Rewarding Chatbots for Real-World Engagement with Millions of Users (2303.06135v2)

Published 10 Mar 2023 in cs.CL, cs.AI, and cs.LG

Abstract: The emergence of pretrained LLMs has led to the deployment of a range of social chatbots for chitchat. Although these chatbots demonstrate language ability and fluency, they are not guaranteed to be engaging and can struggle to retain users. This work investigates the development of social chatbots that prioritize user engagement to enhance retention, specifically examining the use of human feedback to efficiently develop highly engaging chatbots. The proposed approach uses automatic pseudo-labels collected from user interactions to train a reward model that can be used to reject low-scoring sample responses generated by the chatbot model at inference time. Intuitive evaluation metrics, such as mean conversation length (MCL), are introduced as proxies to measure the level of engagement of deployed chatbots. A/B testing on groups of 10,000 new daily chatbot users on the Chai Research platform shows that this approach increases the MCL by up to 70%, which translates to a more than 30% increase in user retention for a GPT-J 6B model. Future work aims to use the reward model to realise a data fly-wheel, where the latest user conversations can be used to alternately fine-tune the LLM and the reward model.

PDF Abstract

Overview of "Rewarding Chatbots for Real-World Engagement with Millions of Users"

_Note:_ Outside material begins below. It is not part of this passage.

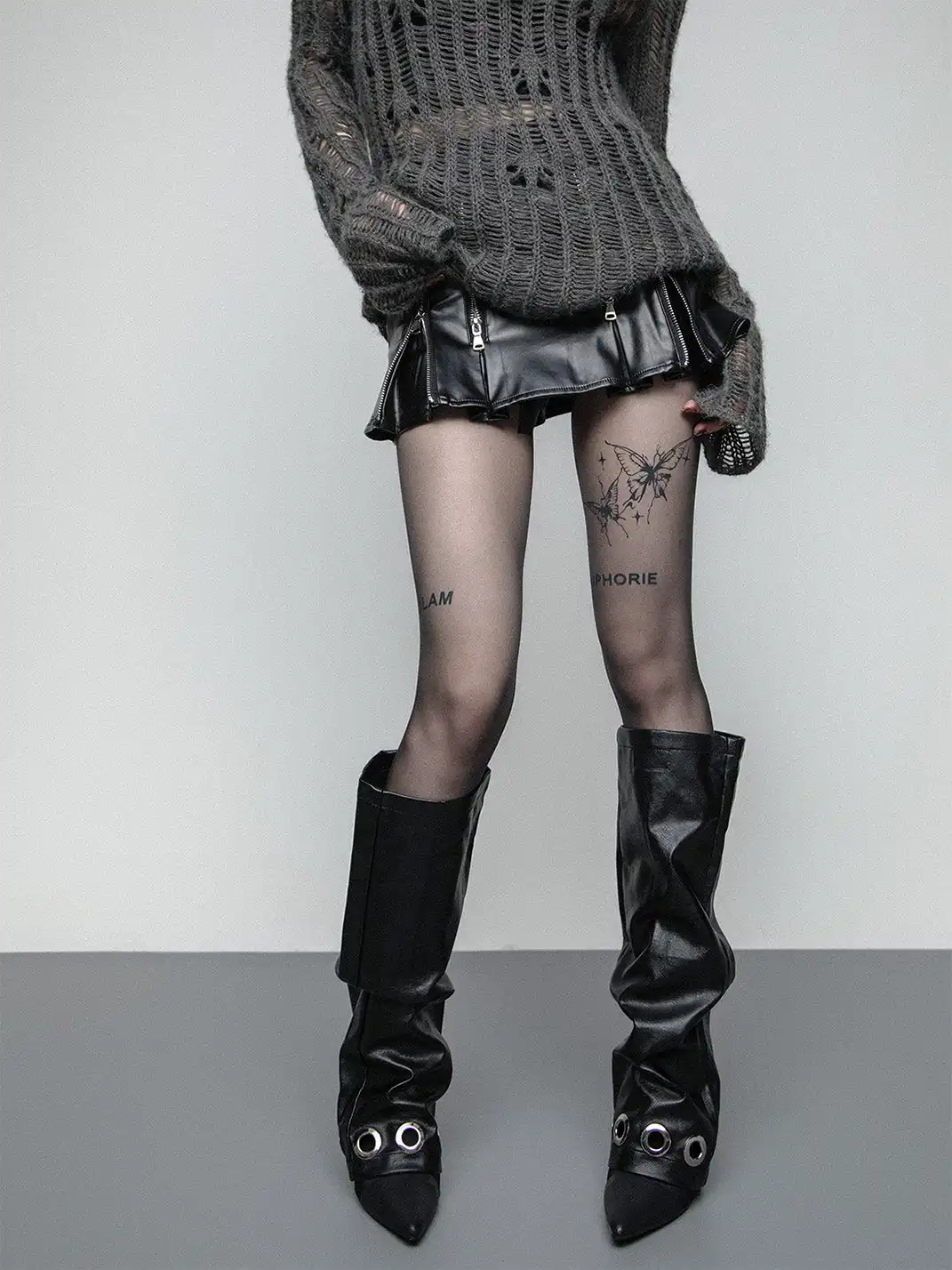 SS2L | Butterfly Print Lettering Sexy Sheer Pantyhose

The paper "Rewarding Chatbots for Real-World Engagement with Millions of Users" presents a rigorous examination of social chatbots deployed in conversational scenarios, emphasizing user engagement and retention. The paper proposes leveraging human feedback to enhance the engagement level of chatbots, focusing on the efficiency of pseudo-label-based training for reward models which rejects low-scoring responses generated by chatbot models at inference time.

Key Contributions

This work introduces an innovative method that utilizes automatic pseudo-labels derived from user interactions to train a reward model. This model enhances the chatbot's performance by evaluating and selecting responses that are likely to maximize user engagement. The authors propose intuitive metrics such as mean conversation length (MCL) to proxy the engagement levels effectively. The empirical validation conducted through A/B testing on a platform with a sizable user base shows a notable increase in MCL and consequent improvements in user retention.

Methodology

The paper deploys a three-stage pipeline similar to strategies used in training InstructGPT models. The process begins with fine-tuning pre-trained LLMs on domain-specific conversational and literary data. This is followed by crafting a reward model that dynamically learns the engagement value of responses. The paper introduces best-of-N sampling rejection during inference. Here, multiple responses are generated, and the reward model selects the response with the highest engagement score.

The inclusion of novel pseudo-labeling strategies stands out, where engaging responses are inferred from conversational metrics such as conversational continuation and retry rate. This approach bypasses the expensive and labor-intensive nature of manual data annotations by automatically deriving labels from user interactions.

Experimental Validation and Results

Experiments are performed using a GPT-J 6B model on the Chai Research platform which boasts millions of daily interactions. A suite of experiments reveals significant improvements in MCL, with numbers indicating up to a 70% increase in conversation lengths compared to a baseline lacking a reward mechanism. Crucially, these improvements translate to a more than 30% increase in user retention, affirming the premise that reward models informed by human feedback substantially boost engagement.

Implications and Future Directions

The paper emphasizes bridging the gap between language fluency and engagement in chatbots. By incorporating user engagement as a metric for chatbot evaluation, this work moves beyond conventional model training focused solely on language coherence. Practically, this enhances the value propositions of commercial social chatbots, aligning with goals like increased user retention and platform longevity.

Theoretically, this research hints at the ability to scale and refine feedback-loop-driven training of LLMs. The potential for further automation in feedback collection, possibly through advanced interaction analytics, presents a fertile avenue for subsequent investigation. Moreover, exploring hybrid approaches that combine human and automatic feedback models represents a promising direction to improve engagement while balancing computational resources.

Overall, the paper advocates for a shift in chatbot design philosophy—prioritizing user engagement directly in automated response selection mechanisms. As this field advances, insights from this work could inform broader AI systems where user interaction modulation is critical.